» Material shown
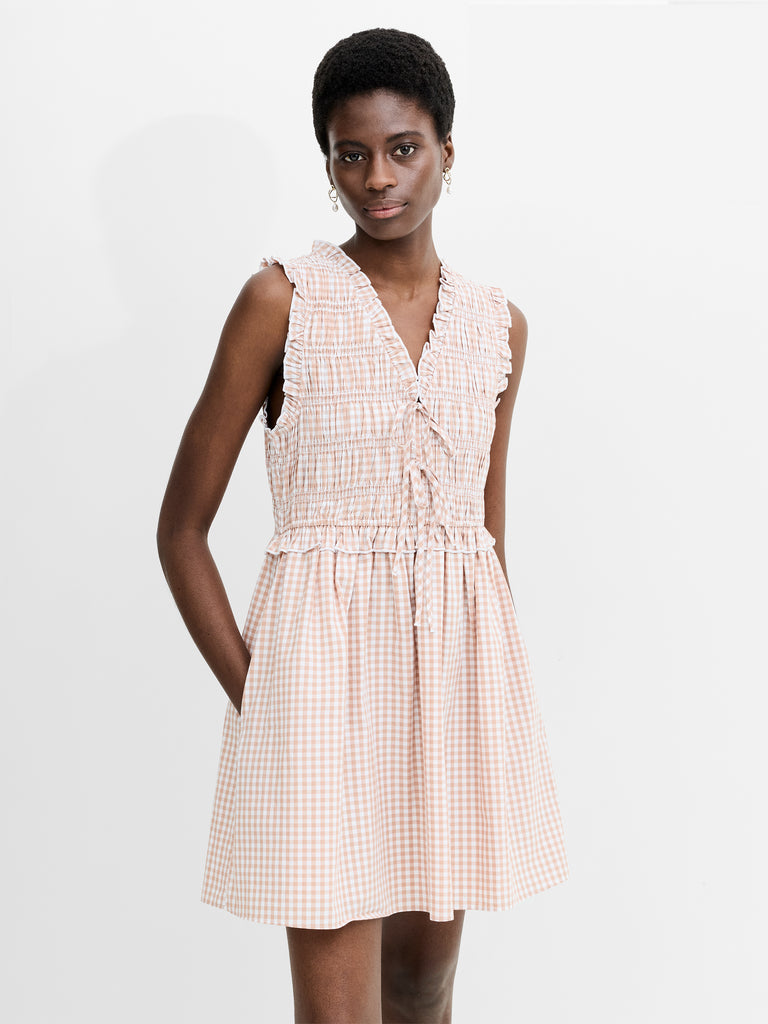 Rhodes Poplin Ruffle Gingham Smocked Mini Dress Petite Gingham In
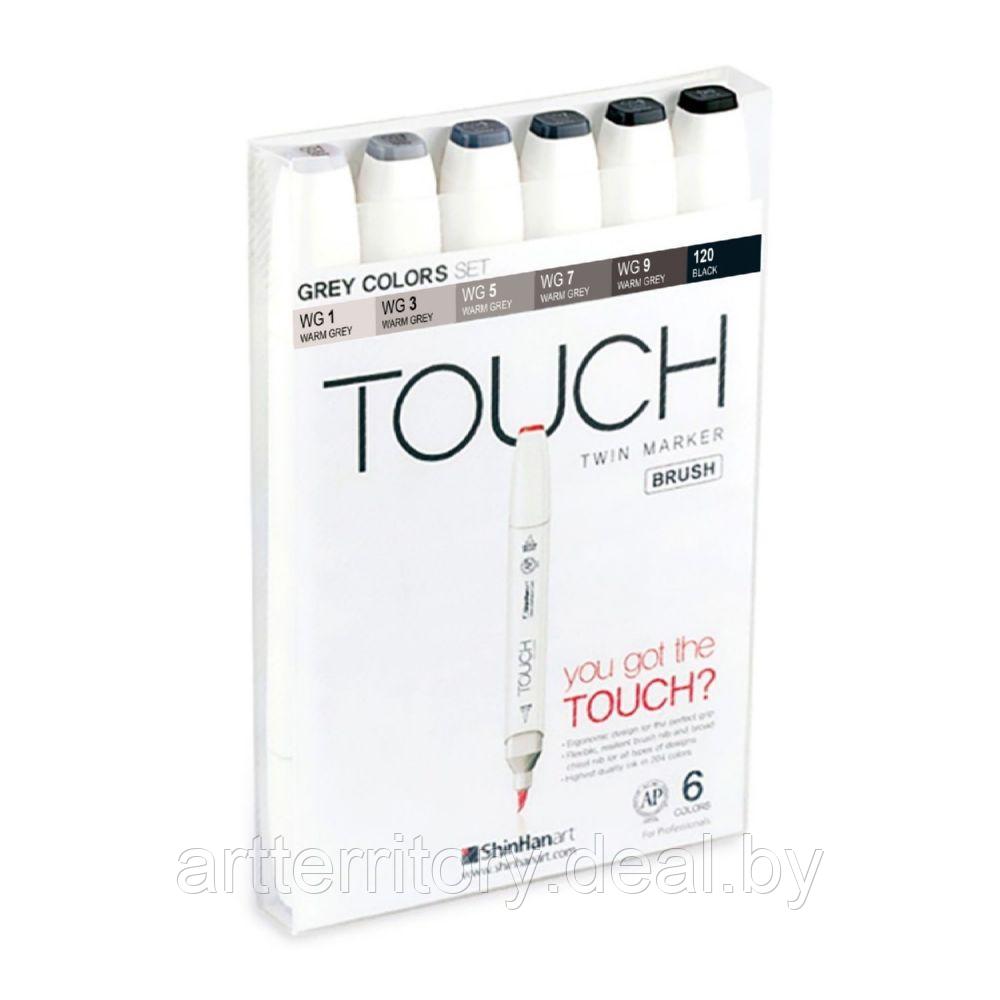 Набор маркеров Touch BRUSH 6 цветов (теплые серые тона) - фото 1 - id-p158817227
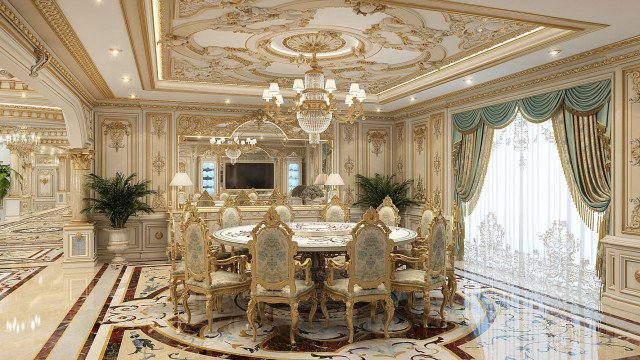 Modern luxurious living room with cream-colored walls, arched pillars, textured wall art, and a beige and grey tufted sectional sofa.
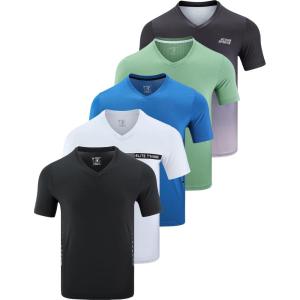 5 Pack Mens V-Neck Dry Fit T-Shirts, Active Athletic Short Sleeve Workout Tops, Performance Gym Tees (Available in Plus Size)(White/Mint/Blue/Gradient/Black)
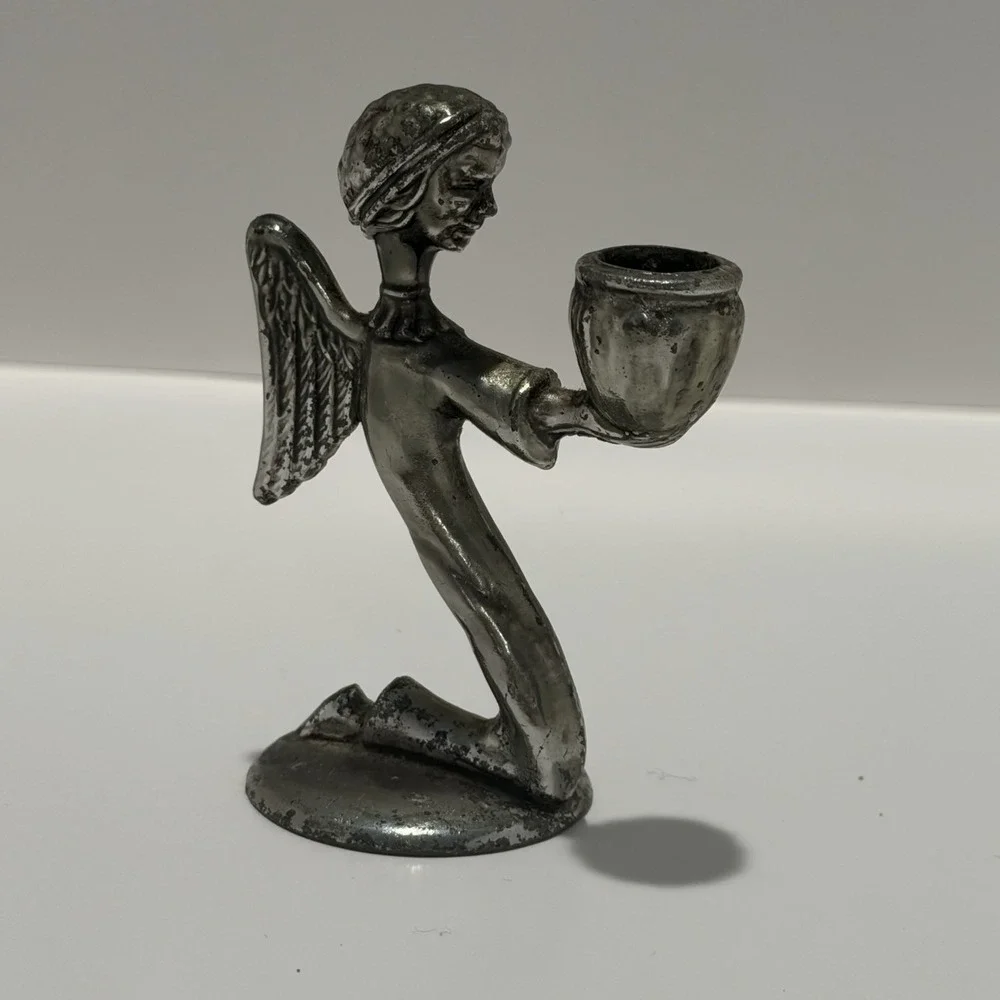 VTG Brass Kneeling Angel Miniature Candle Holder Taper Thin Candles‎ 1.75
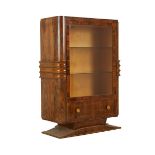 Art Deco Wooden Cabinet with Glass Shelves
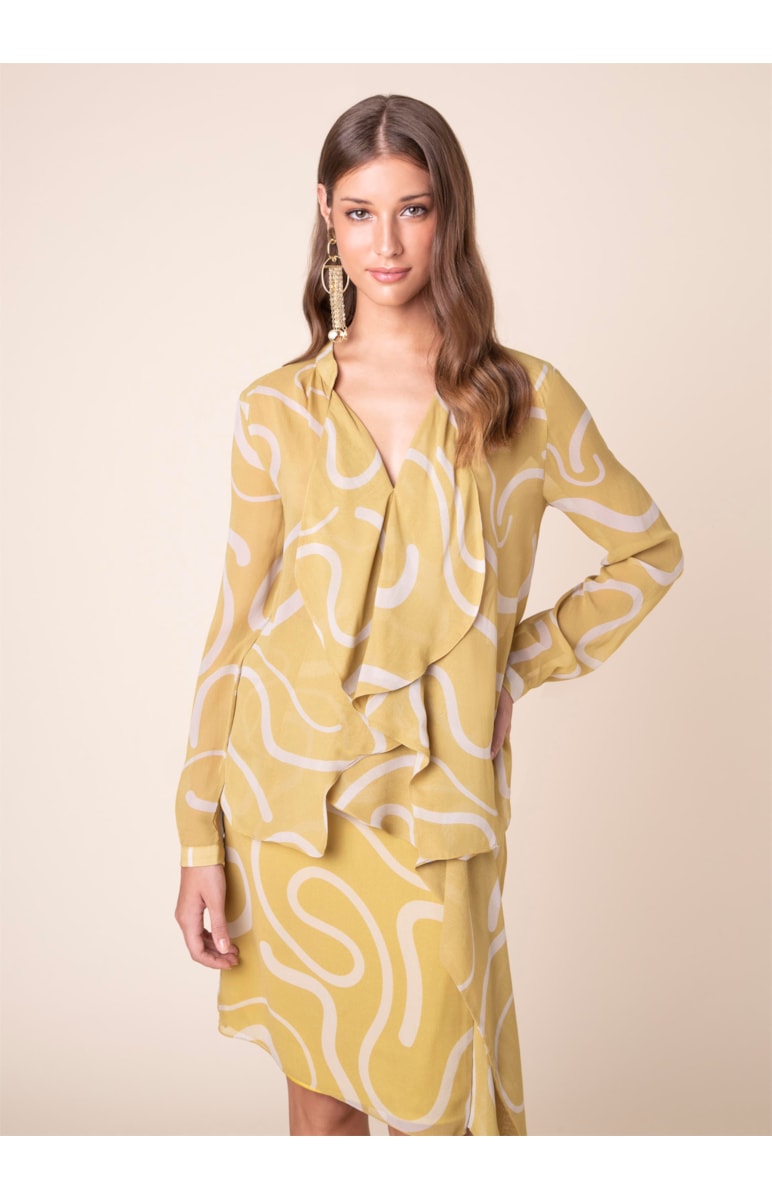 Blusa Seda Curly Stripes Est. Verde Maça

» About this exercise
Output the listing above exactly, pictures omitted.

» Reply to the task
 Rhodes Poplin Ruffle Gingham Smocked Mini Dress Petite Gingham In
 Набор маркеров Touch BRUSH 6 цветов (теплые серые тона) - фото 1 - id-p158817227
 Modern luxurious living room with cream-colored walls, arched pillars, textured wall art, and a beige and grey tufted sectional sofa.
 5 Pack Mens V-Neck Dry Fit T-Shirts, Active Athletic Short Sleeve Workout Tops, Performance Gym Tees (Available in Plus Size)(White/Mint/Blue/Gradient/Black)
 VTG Brass Kneeling Angel Miniature Candle Holder Taper Thin Candles‎ 1.75
 Art Deco Wooden Cabinet with Glass Shelves
 Blusa Seda Curly Stripes Est. Verde Maça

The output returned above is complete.